An economic slowdown also gives wonderful excuses to smart businessmen to hide own mistakes and lobby for a government bailout. But the problem is that it can’t be a one-sided deal. It is a fact that automakers and realtors, two segments currently witnessing a major sales slump, made a killing when times were good. Hence, they can’t entirely play the victim card now only blaming the higher government taxes and a sluggish economy. They should be made answerable for reluctance to pare high prices even when markets show alarming signals. But, it appears that this situation is changing.
Recently, Maruti Suzuki India chairman RC Bhargava hinted at a price cut on cars in the approaching days. This is a good sign. A meaningful cut in prices from automakers can help draw the buyer back to showrooms. Automakers have made significant gains in the past two decades when the economy was on a fast-growing trajectory.
The carmakers made good money during the boom period by tapping into newer markets especially the entry-level hatchbacks targeting first-time car buyers. Prices have only gone up even for the entry-level cars over the years. Sales slump of this nature warrants automakers too think out of the box on the pricing front. If the carmakers show the willingness to cut prices by, say, 40 percent at least as a short-term measure, demand can be revived to an extent. Automakers also need to introspect on the quality of the product they offer to the Indian audience vis-à-vis customers in other advanced markets.
Isn’t the quality and safety features offered by Indian carmakers on entry-level, mid-level car segments still lower than what customers in other markets get—especially the basic safety features? There have been consumer complaints that what they get is not on par with what they pay when compared with what same carmakers offer to customers in other developed markets in the comparable segments. This crisis is a good opportunity for carmakers to introspect and see if they have been taking the Indian customer for granted vis-à-vis other markets.
Also, there is, of course, a case for the younger generation to go for rented cars than owning one. Carmakers may be realising this already and working to adapt to this change. One example is the recent announcement from Mahindra and Mahindra that it will buy a 55 percent stake in ride-hailing firm Meru Cabs, in a bid to get a pie in the growing market for shared mobility. Carmakers can own and operate rented car services thus helping these companies to push sales in this channel.

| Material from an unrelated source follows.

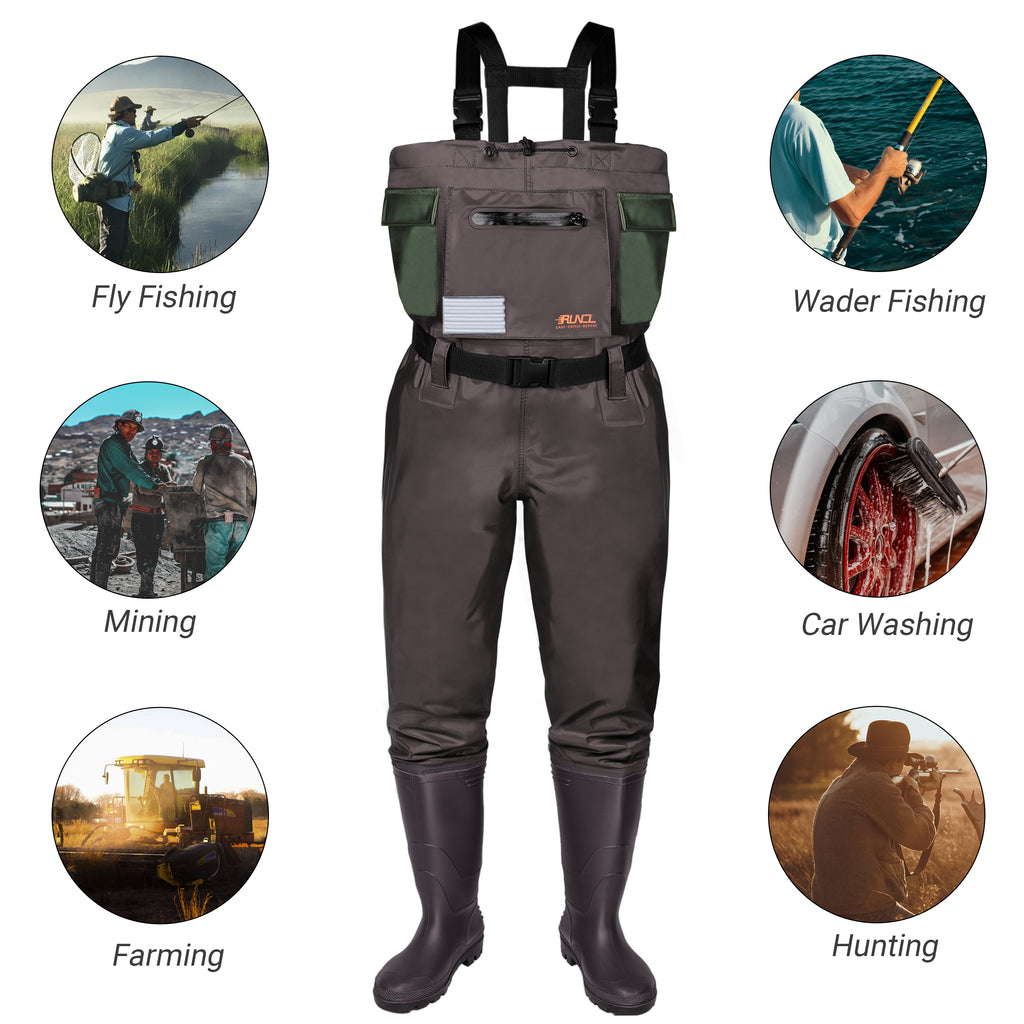 waist high waders with boots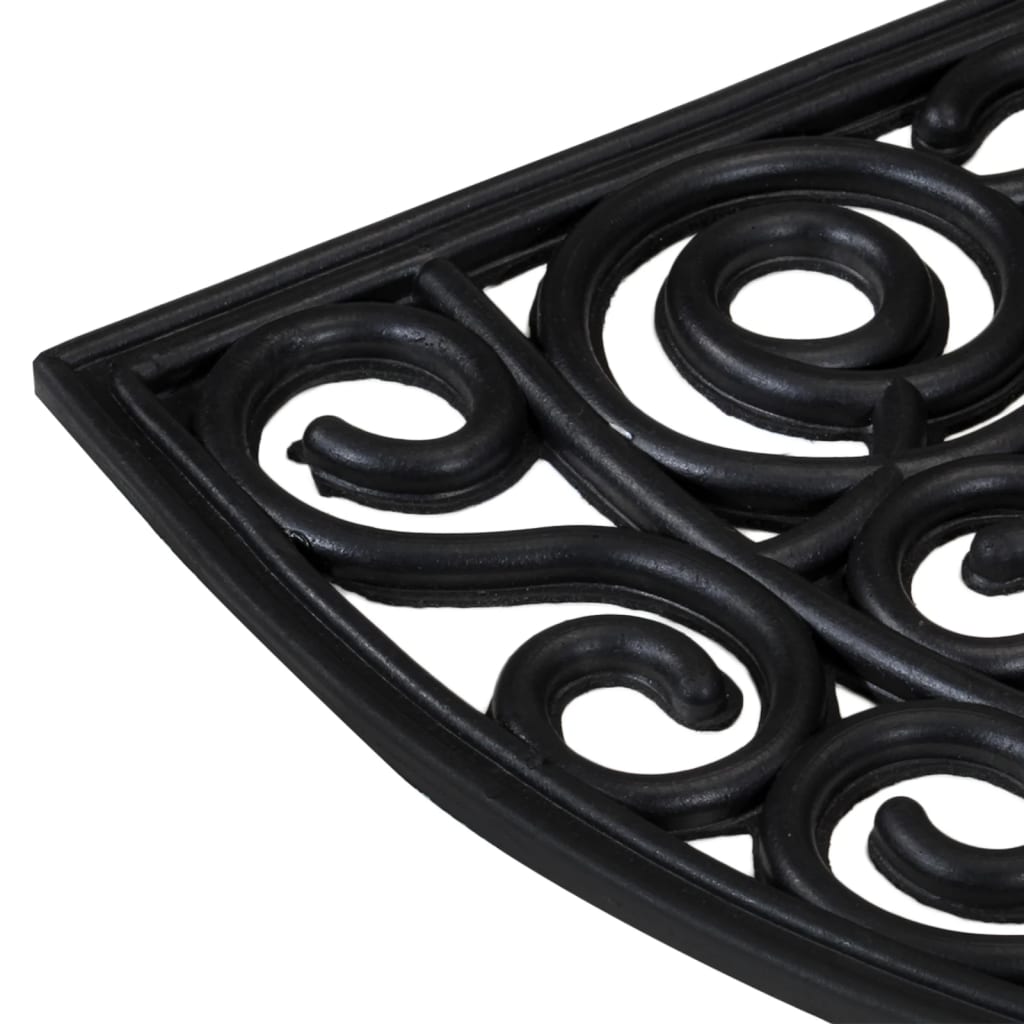 Tapete de porta semicircular 45x75 cm borracha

The transition from BS-IV to BS-VI could be another factor carmakers need to acknowledge. This could have partly contributed too to the mess right now. There may be a section of potential buyers who would want to wait out for another six months to buy BS-VI cars. The carmakers have been pushing for the extension of the BS-VI deadline but perhaps need to adjust their production accordingly, which in a way they are already doing.
Besides, this is also a good time to push for auto companies to invest in the R&D department on electric vehicles (EVs), affordable ones. There is a largely untapped market for affordable electric vehicles. But to begin the switch, customers need to be taken into confidence about the quality and maintenance of new era cars. As this Mint article highlights, carmakers are already preparing for the shift but there is a long way before the EVs become acceptable for Indian car buyers. This is a good time to work on the strategies.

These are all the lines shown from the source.